AB emperyalistleri 2011’de Suriye’ye ilan edilen savaşa destek oldular. Fransa, İngiltere gibileri savaş suçuna doğrudan ortak oldu. Almanya, İtalya gibileri ise dolaylı bir şekilde yıkıcı savaşın tarafı oldular. Cihatçı tetikçilerin Suriye’ye transfer edilmesini için ise tümü kapılarını açtı. Suriye’nin yakılıp yıkılmasını, yüzbinlerce kişinin katledilmesini umursamadılar. Kısacası savaşta cihatçı terörün safında yer aldılar.

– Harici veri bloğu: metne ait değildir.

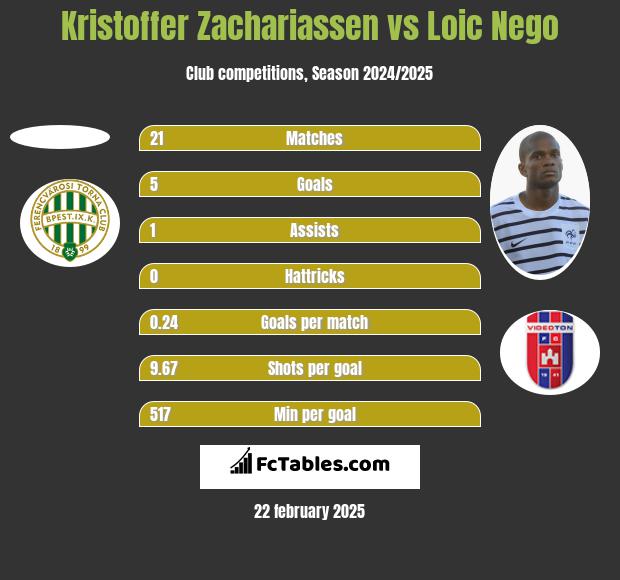 Kristoffer Zachariassen vs Loic Nego h2h player stats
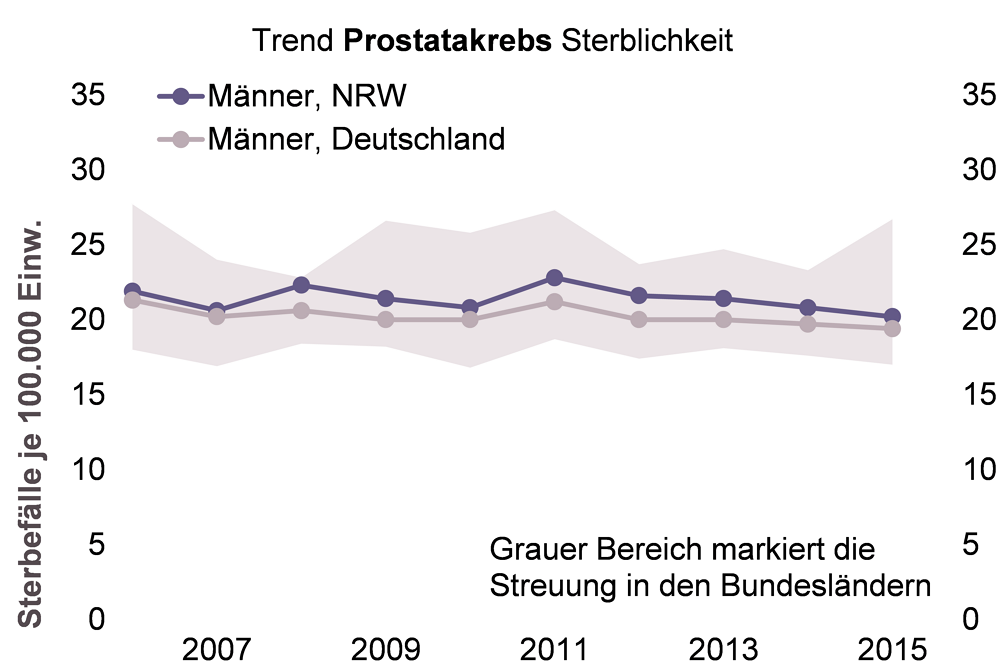 Trenddiagramm der Sterblichkeit an Prostatakrebs bei Männern in NRW und im bundesweiten Vergleich für den Zeitraum 2006 bis 2015
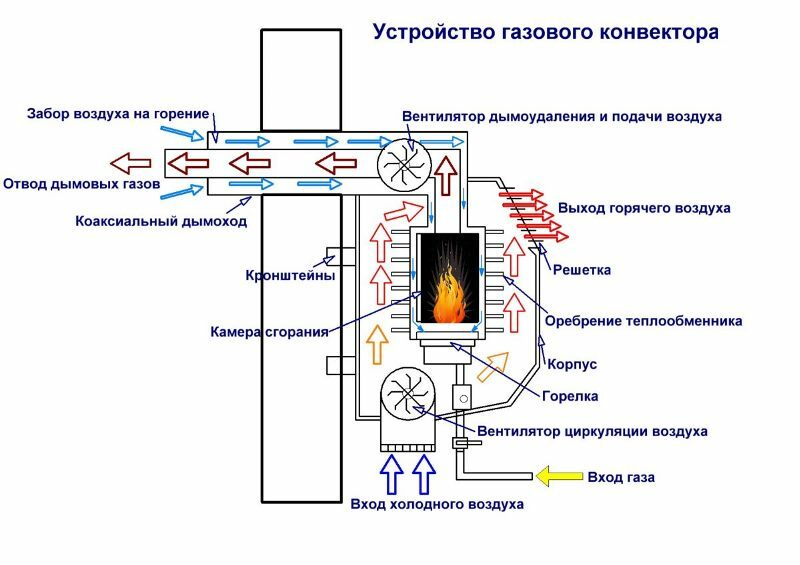 Gas convector operation diagram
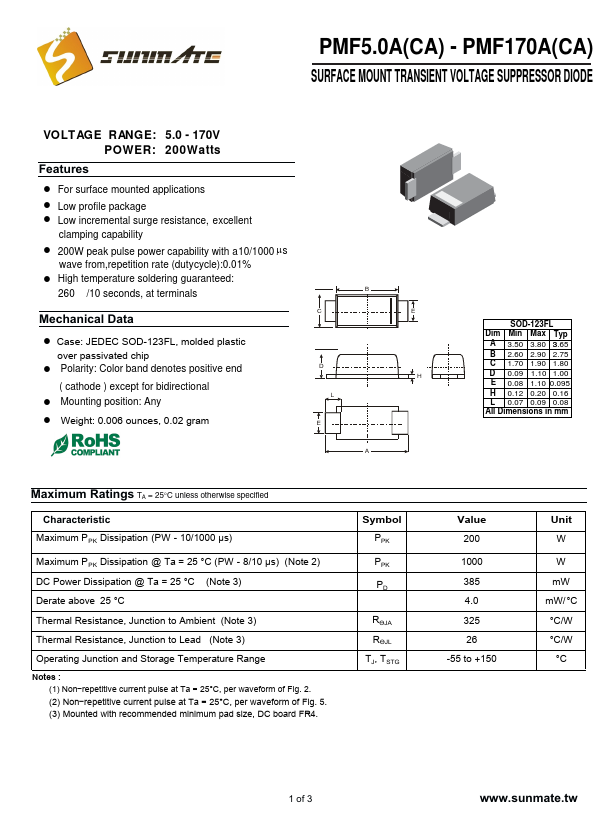 PMF70CA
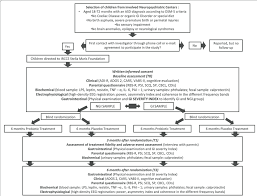 flow chart of the phases of the rct legend asd autism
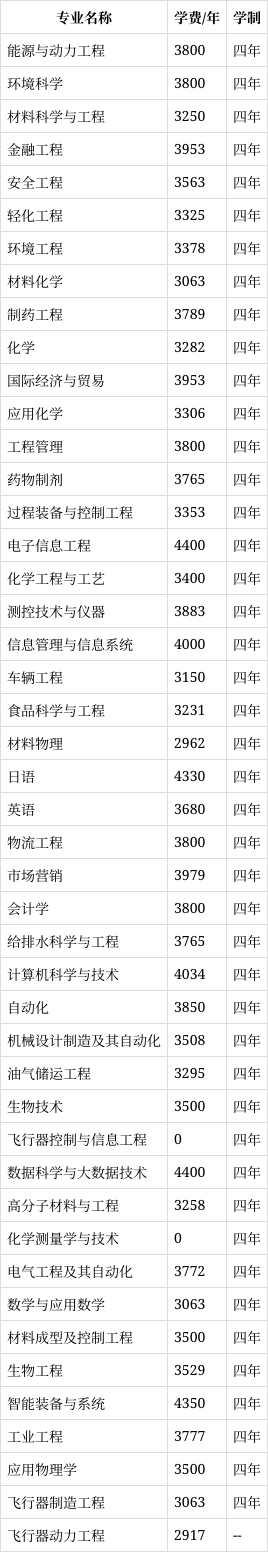 2022年吉林化工学院学费是多少?(2024高考参考)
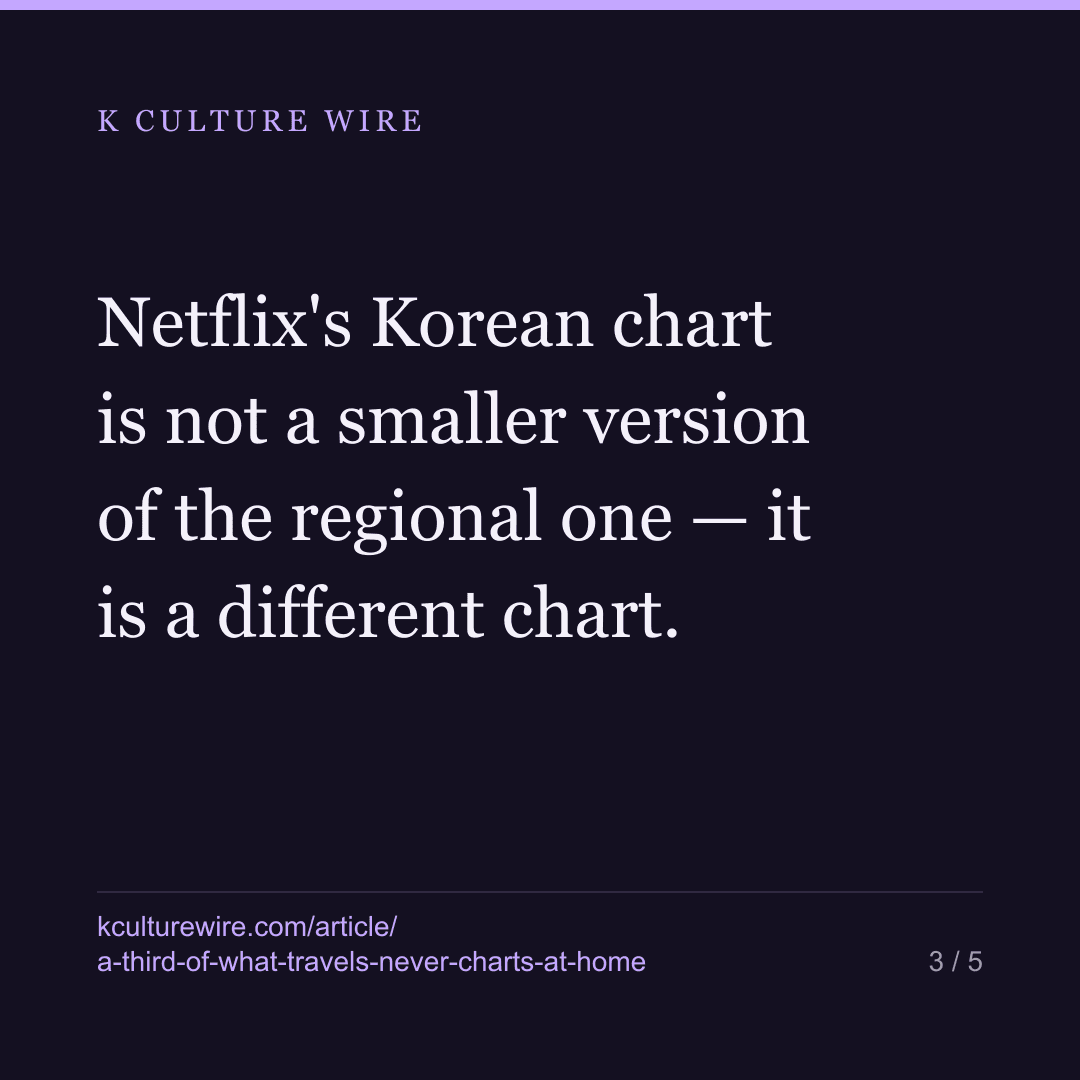 150 of 421 Korean titles never charted in Korea — card 3 of 5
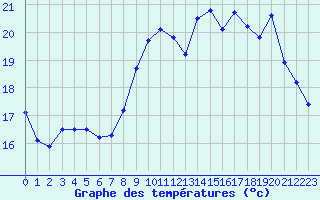 Courbe de tempratures pour Chteaudun (28)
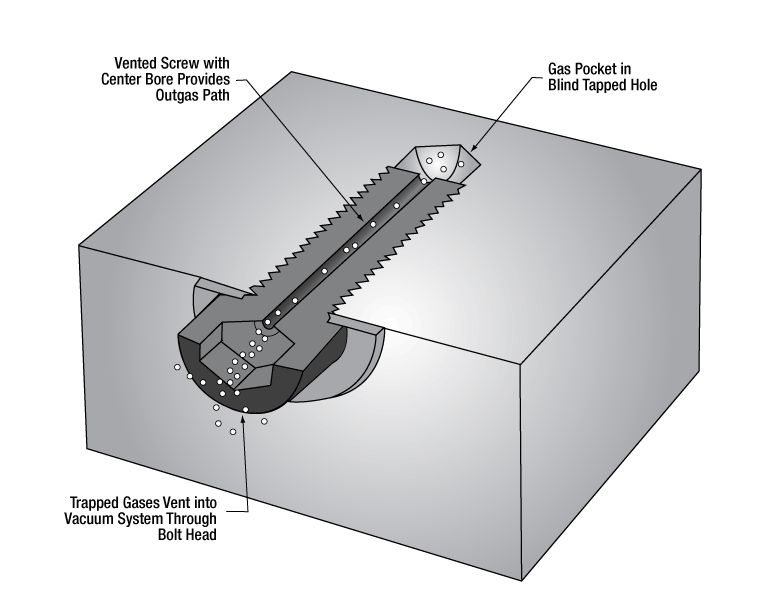 T-SH4MS10V - M4 x 0.7 Vacuum-Compatible Vented Cap Screw, A4 Stainless Steel, 10 mm Long, 5 Pack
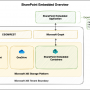 sharepoint_embedded_overview.png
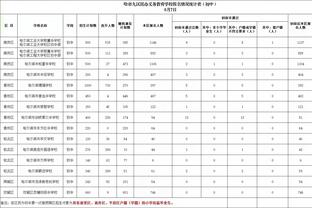 江南官方体育网页版截图1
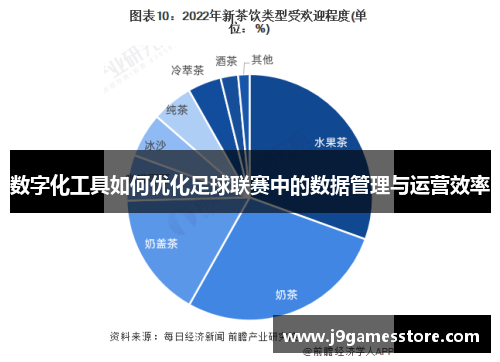数字化工具如何优化足球联赛中的数据管理与运营效率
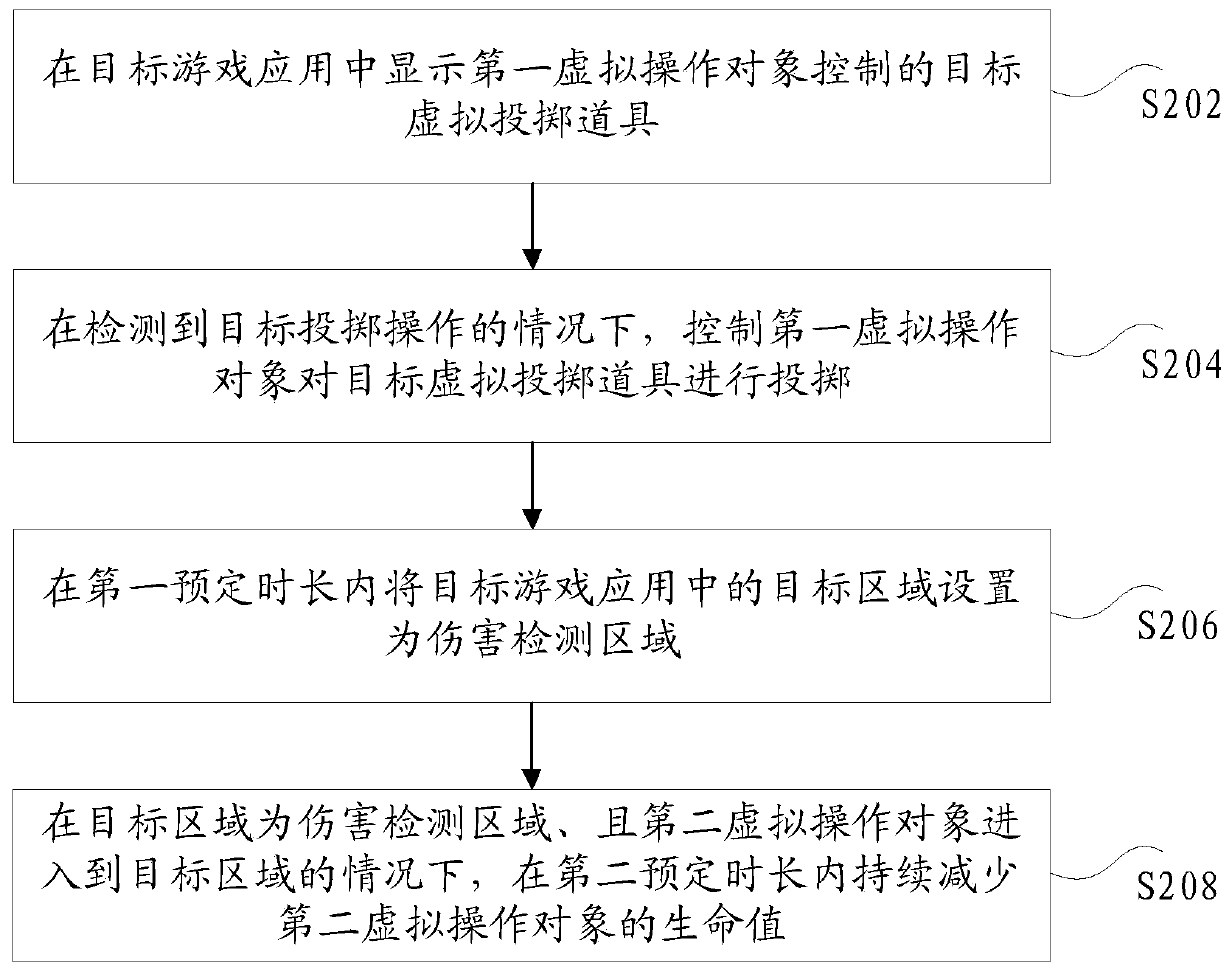 Virtual prop control method and device, storage medium and electronic device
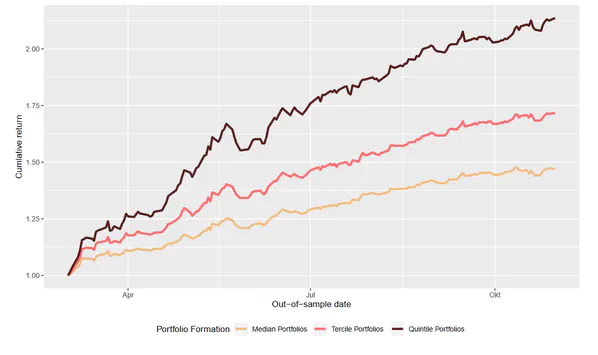 Estimating Crypto-Related Risk: Market-Based Evidence from FTX's Failure and Its Contagion on U.S. Banks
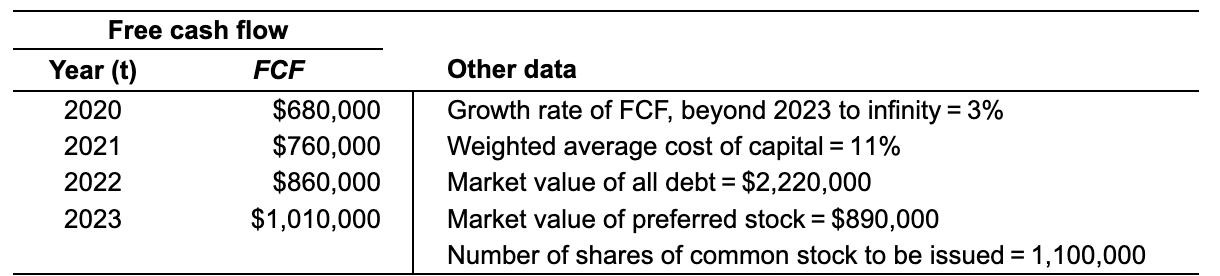 Solved Using The Free Cash Flow Valuation Model To Price An | Chegg.com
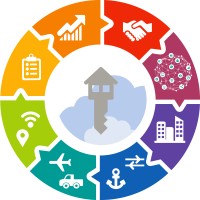 Single Window Initiative/Network Estonia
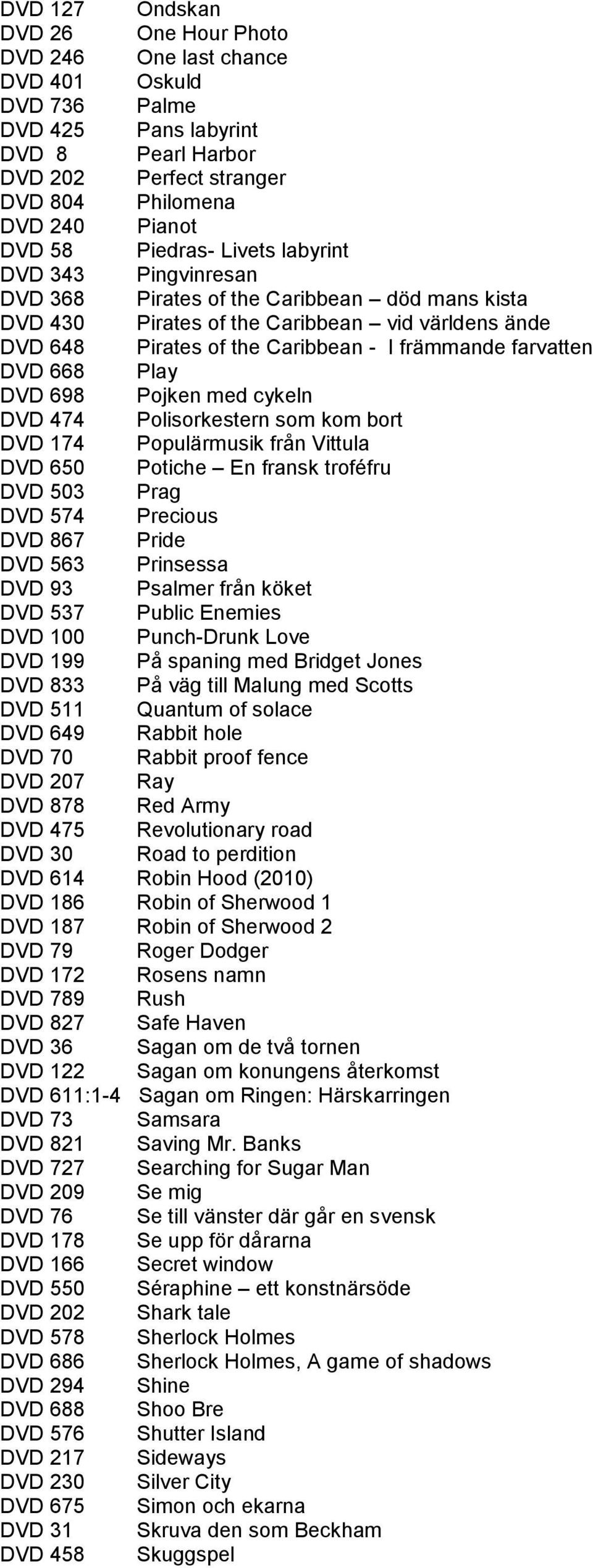 farvatten DVD 668 Play DVD 698 Pojken med cykeln DVD 474 Polisorkestern som kom bort DVD 174 Populärmusik från Vittula DVD 650 Potiche En fransk troféfru DVD 503 Prag DVD 574 Precious DVD 867 Pride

Suriye ordusu ile müttefikleri cihatçıların son kalesi İdlib’e karşı saldırıya geçince, AB şeflerinin “insani damarı” kabardı. Güya sivillerin zarar görmesinden endişe ediyorlar. Oysa tutumları, tersi sonuçlar yaratıyor.
Riyakarlık seremonisi
Cihatçıların İdlib’de sıkışmaları AB şeflerini harekete geçirdi. Konuyla ilgili ortak imzalı açıklama yapan AB üyesi 14 ülkenin -Almanya, Fransa, İtalya, Hollanda, İspanya, Portekiz, Belçika, Estonya, Polonya, Litvanya, İsveç, Danimarka, Finlandiya, İrlanda- dışişleri bakanları, İdlib’de operasyonun biran önce durdurulmasını talep ettiler.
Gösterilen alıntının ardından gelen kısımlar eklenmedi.